Although the COVID-19 pandemic continues to wreak havoc in the country, the biggest obstacle for women remains patriarchy. According to workers at the Accredited Social Health Activist (ASHA), women in Mysuru are reluctant or unable to take COVID-19 tests due to the potential disruption of household chores.
Manjula, an ASHA employee from Mysuru, told the media that this was especially true among rural women who are apprehensive about the hospital visit. She added that they receive oximeters and medication for five days and must report to the hospital if their condition does not improve.
Rohini Sindhuri, Deputy Commissioner for Mysuru District, also raised this issue during a live on Facebook and confirmed that young women are succumbing to the virus as they do not talk about their symptoms. Other health officials said many women still depend on their male family members to bring them to health facilities, leading to serious consequences.
The huge gender divide
In a society where patriarchy is deeply entrenched, the pandemic has revealed how the burden of unpaid domestic work and a lack of agency continue to prevent women from accessing health rights.
Data from the CoWIN application presented by the central government showed that, in many states, more men were vaccinated compared to women. In many rural areas, the public health centers where the vaccines are carried out are quite distant and women would need male relatives to accompany them, which is not always the case. False rumors were also spread across WhatsApp and social media platforms that women should not get the COVID-19 vaccine during their menstrual cycle. This has only increased the existing vaccine hesitation, especially in rural areas, where women’s health already suffers from systemic biases.
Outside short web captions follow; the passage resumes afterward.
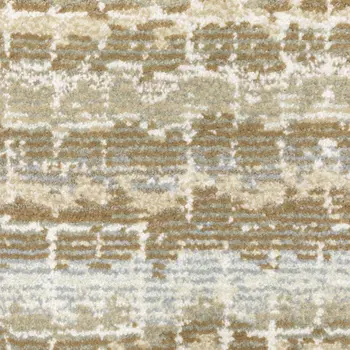8' Ivory And Gray Abstract Runner Rug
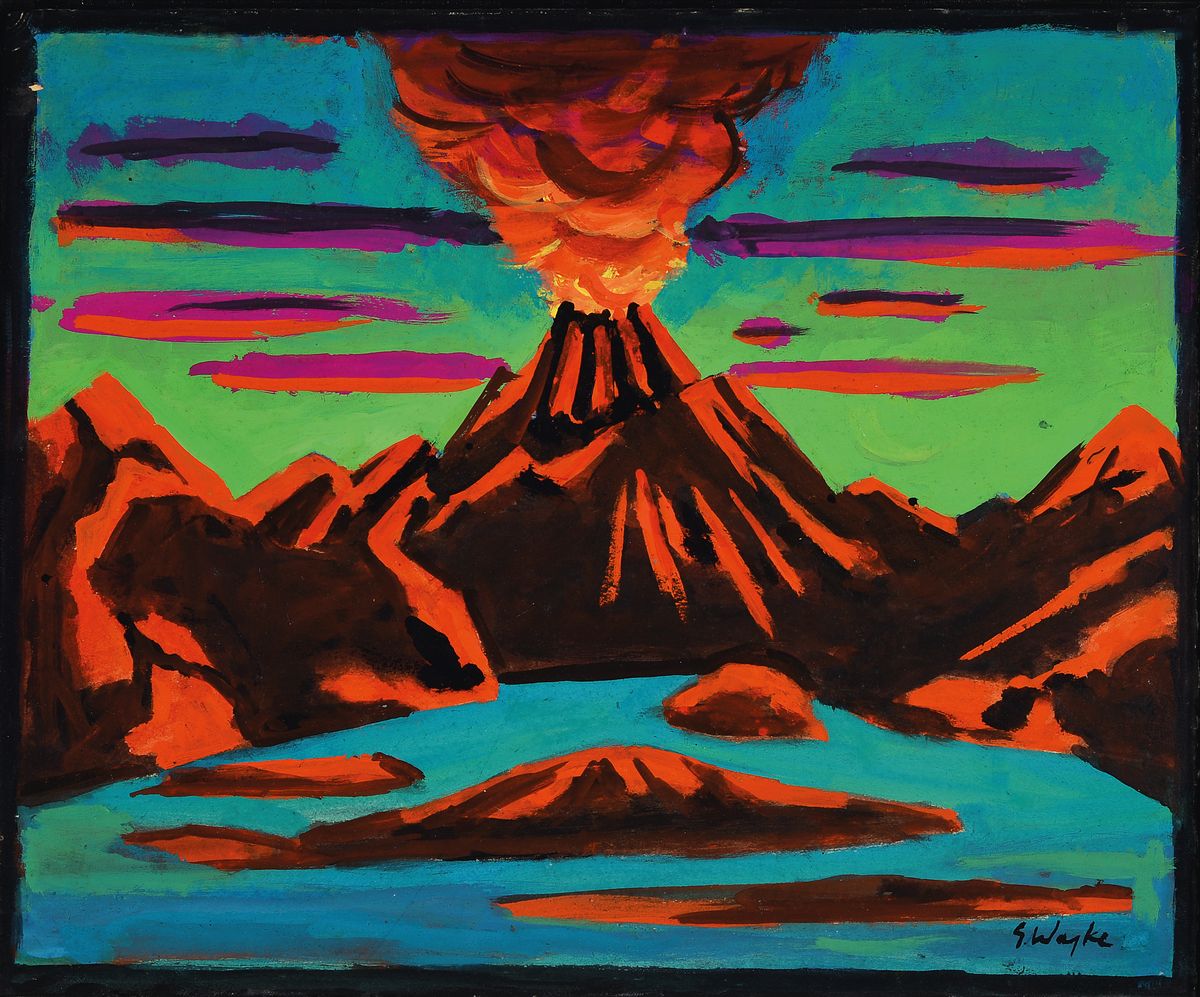 Erich Waske, 1889 Berlin-1978, Vulkaninsel, Öl/Malkarton, signiert, ca. 48x58cm, Rahmen, Nachlassnr. 880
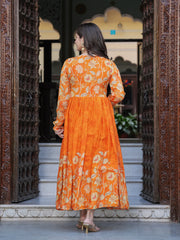 Maluka Women Orange Chinon Floral PrintedGown With Dupatta Set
The recent viral image of a middle-aged woman cooking in the kitchen while taking oxygen as part of her COVID-19 treatment was emblematic of the attitude many Indian families have towards women’s health. It was supposed to “celebrate” mothers as selfless caregivers, but instead it revealed just how deeply problematic these kinds of expectations can be.
See More information: The unpaid work of women in Indian families: labor of love or glorified slavery?
From being disproportionately thrown out of the workforce during layoffs to being burdened with an unequal division of household responsibilities, the pandemic has only increased the gender divide in work and in the kitchen. The full picture of its impact will only be revealed when we are in a post-COVID world, which seems like a distant dream under current circumstances.